• [Exercise details] You are asked to write out the entries exactly as they are given.

• [Data extract]

_ _ _ _ _ _ _

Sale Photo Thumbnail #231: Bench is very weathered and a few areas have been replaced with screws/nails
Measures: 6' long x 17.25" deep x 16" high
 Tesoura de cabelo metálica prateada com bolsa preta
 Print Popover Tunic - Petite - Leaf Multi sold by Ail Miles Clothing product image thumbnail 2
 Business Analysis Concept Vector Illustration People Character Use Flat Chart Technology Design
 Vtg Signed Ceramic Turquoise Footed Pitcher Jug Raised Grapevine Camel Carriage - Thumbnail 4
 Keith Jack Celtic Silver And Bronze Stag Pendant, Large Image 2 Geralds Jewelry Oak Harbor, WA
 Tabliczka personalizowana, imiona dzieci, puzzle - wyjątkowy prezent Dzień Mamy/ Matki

_ _ _ _ _ _ _

• [Written solution]
Sale Photo Thumbnail #231: Bench is very weathered and a few areas have been replaced with screws/nails
Measures: 6' long x 17.25" deep x 16" high
 Tesoura de cabelo metálica prateada com bolsa preta
 Print Popover Tunic - Petite - Leaf Multi sold by Ail Miles Clothing product image thumbnail 2
 Business Analysis Concept Vector Illustration People Character Use Flat Chart Technology Design
 Vtg Signed Ceramic Turquoise Footed Pitcher Jug Raised Grapevine Camel Carriage - Thumbnail 4
 Keith Jack Celtic Silver And Bronze Stag Pendant, Large Image 2 Geralds Jewelry Oak Harbor, WA
 Tabliczka personalizowana, imiona dzieci, puzzle - wyjątkowy prezent Dzień Mamy/ Matki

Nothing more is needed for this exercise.